例えば生地は撥水性のあるリップストップナイロンに加えて背面には防水性ファブリックのドライバッグスタイルのコンパートメントを配置、さらに縫い目にはシームシーリングを施して浸水を極力防ぐ作りになっています。
さらにところどころに採用されているジッパーは止水仕様と、非常に優れた対候性を備えています。多少の雨であれば中身が濡れることはないし、雪の上にパックを置いても染み込む心配もありません。
メインコンパートメントの入り口は、シンプル&軽量ロールトップ式。入り口が大きく開き、スピーディーに出し入れできるだけでなく、密閉性も高いため浸水の心配が少ないのが特徴。

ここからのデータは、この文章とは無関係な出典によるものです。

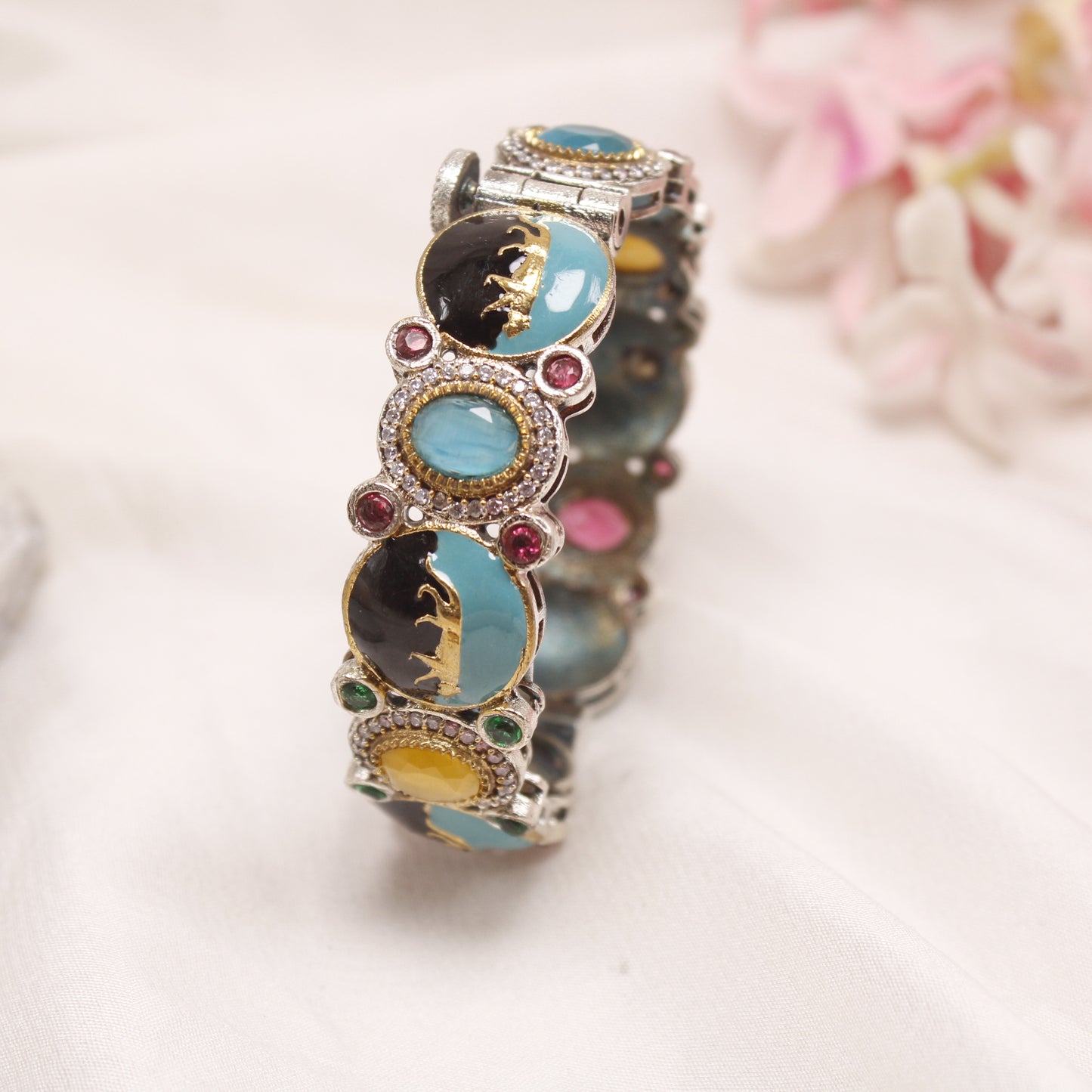 Navraee Antique Royal Enamel Elephant Motif Statement Kada Bracelet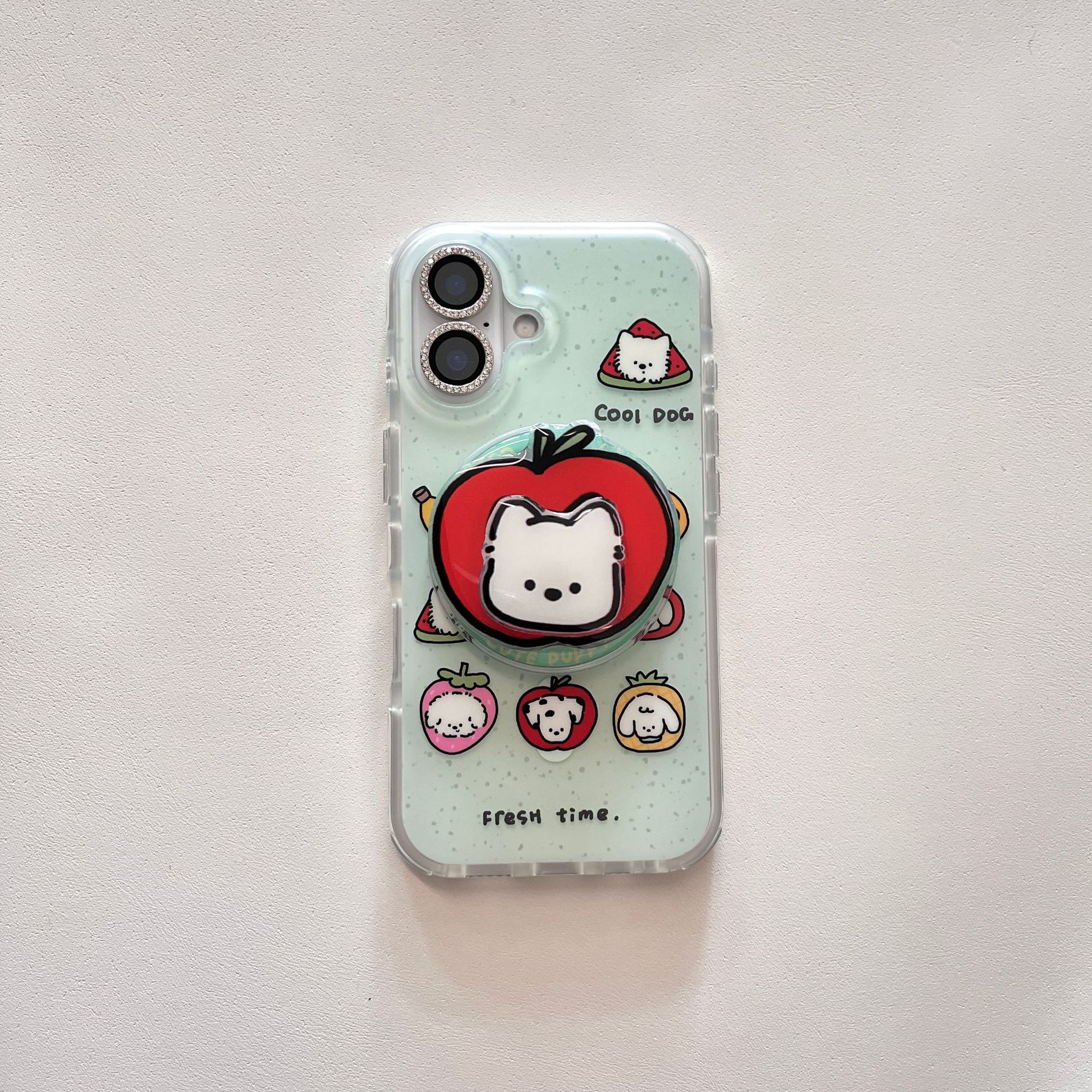 Divertido cachorro de salpicadura de tinta para Apple 16ProMax funda para teléfono móvil 15Pro magnético 14/13 Apple 15PM hembra 16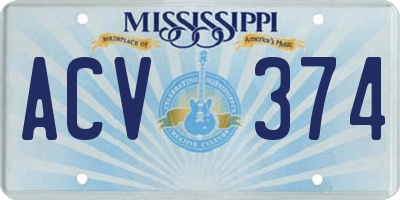 MS license plate ACV374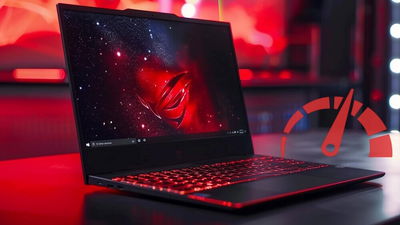 Gaming laptop on a table with red background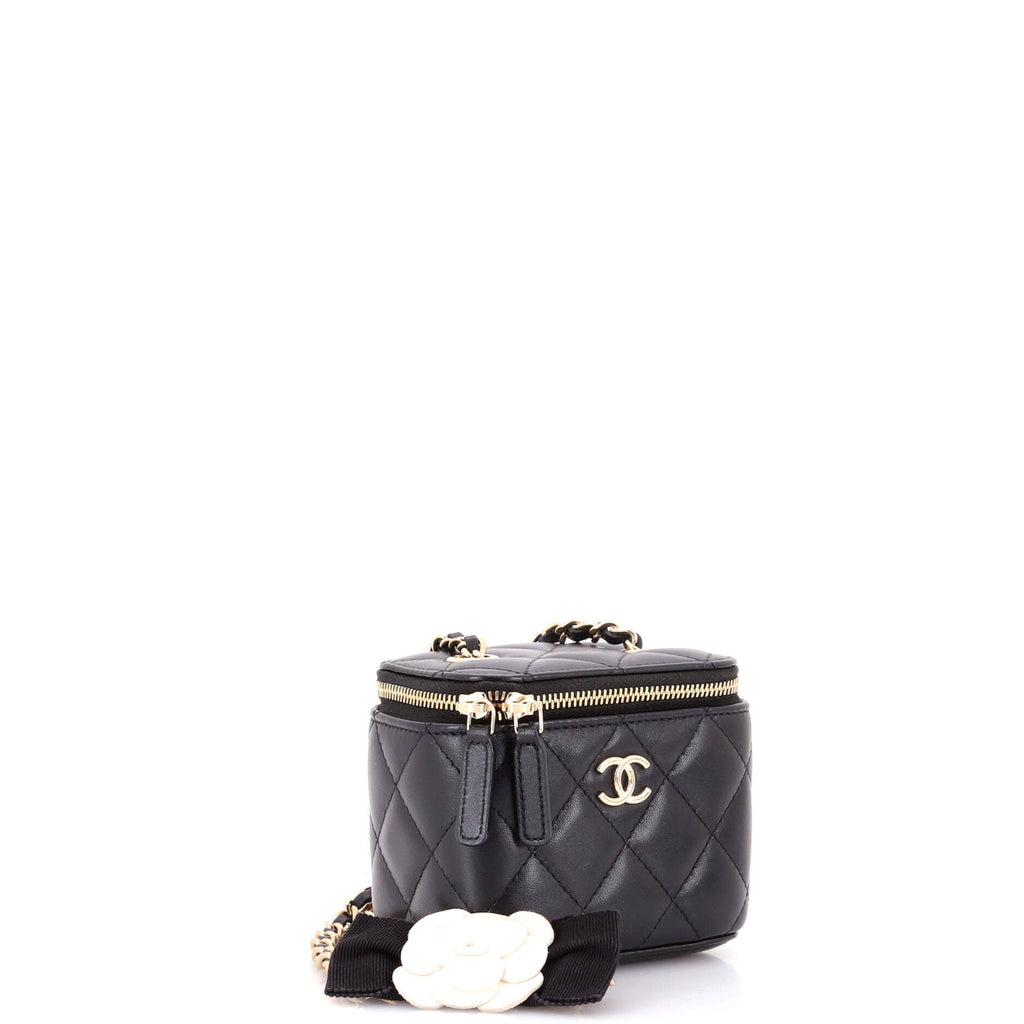 Camellia Bow Vanity Case with Chain Quilted Lambskin Mini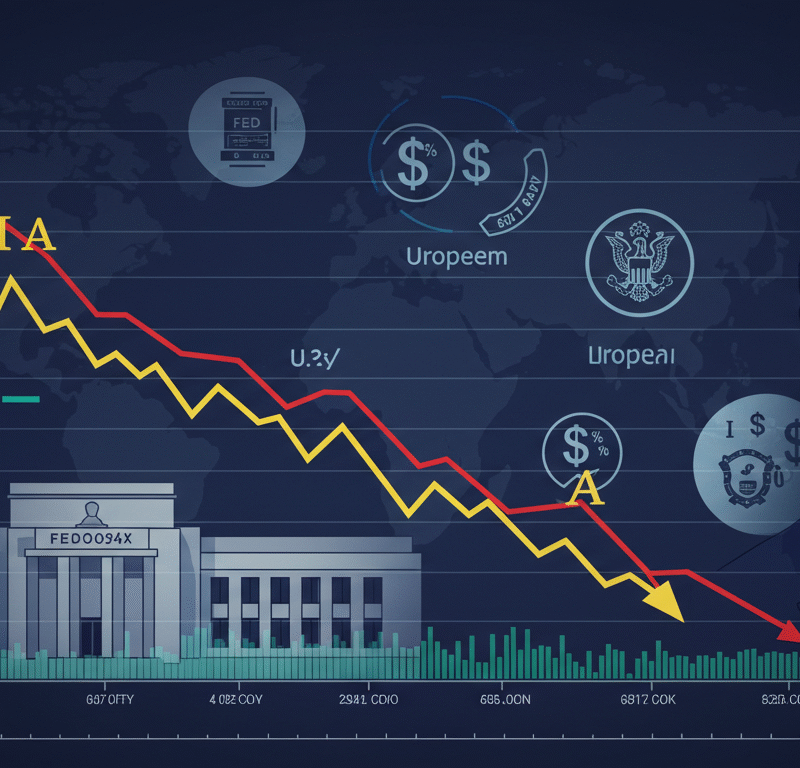U.S. and European futures fall in response to Trump’s Fed shake-up surprise, with a downward graph and Fed-related visuals.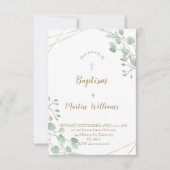 Goldrahmen aus grünem Blattgold ・ Taufe Einladung (Vorderseite)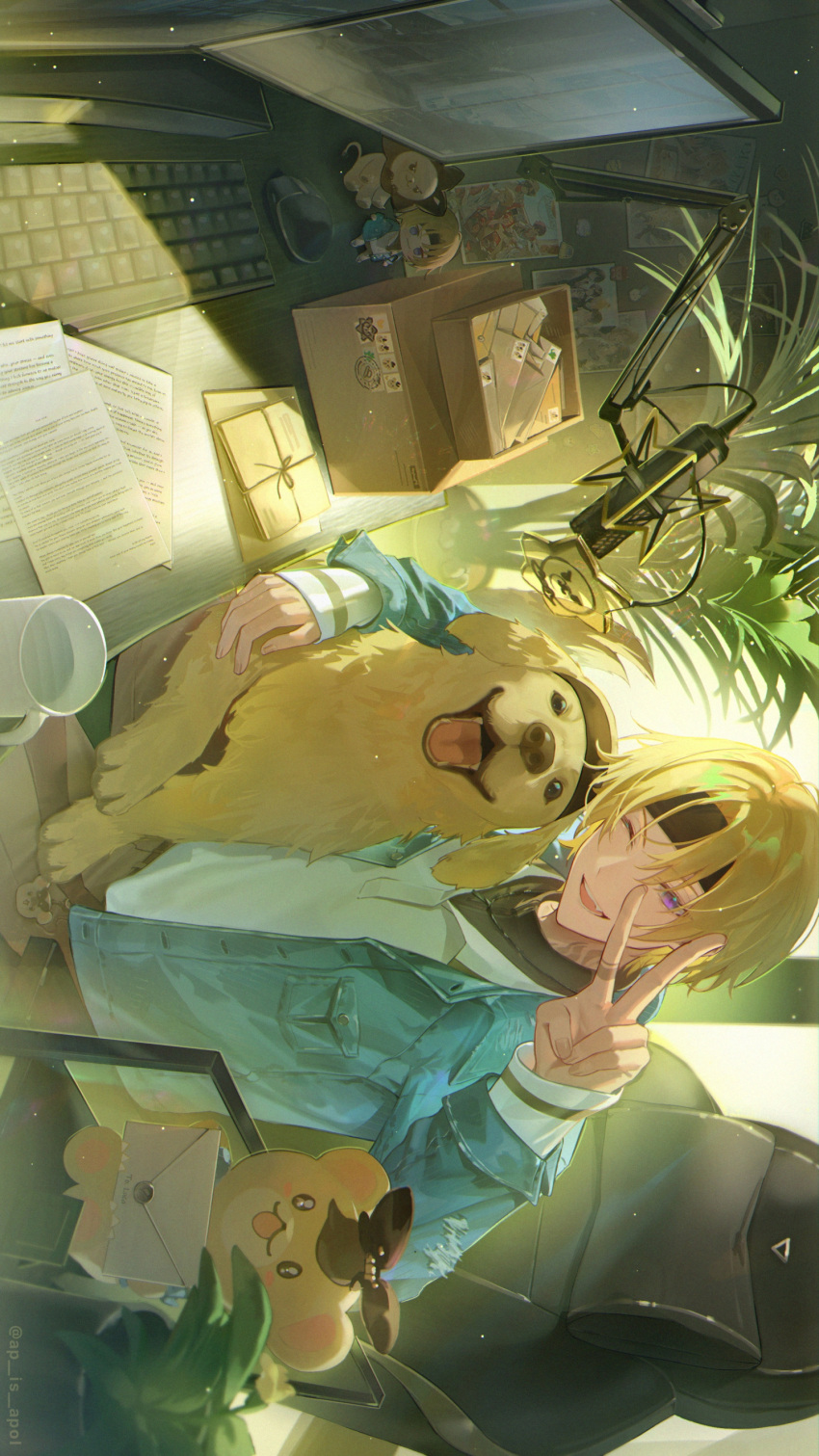 1boy, absurdres, animal, apol_(ap_is_apol), black_headband, blonde_hair, blue_jacket, chair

ベストセラーADV SKINベースの、フィット感・機動性・安定感抜群の背負い心地
上半身を面で支えるベスト型のバックパックは、いかにその”面”が身体のラインにまんべんなくフィットし、かつ動きのなかでもズレなくブレなくフレキシブルに対応してくれるかという部分が快適さの肝だと日ごろから思っています。その意味で、独自の「SensiFit™」テクノロジーが生み出す極上のフィット感・安定感・動きやすさで定評のあるADV SKINシリーズをベースに作られたこのモデルは、期待通り快適な背負い心地を与えてくれます。
肩から正面にむかってしっかりフィットするよう立体的な形状になっているショルダーストラップは幅広でボリュームがあり、その広い面積で優しく包み込むようににフィットします。またショルダーストラップは伸縮性のあるエラスティックコードが使用され、SALOMONシューズにも使用されているあのクイックレースと同じコードロックによって1カ所で締め具合を調節できます(下写真)。ベルトタイプのストラップと違って激しい運動中に胸が窮屈になりにくく、ちょうど楽に呼吸ができる絶妙なテンションが気に入っています。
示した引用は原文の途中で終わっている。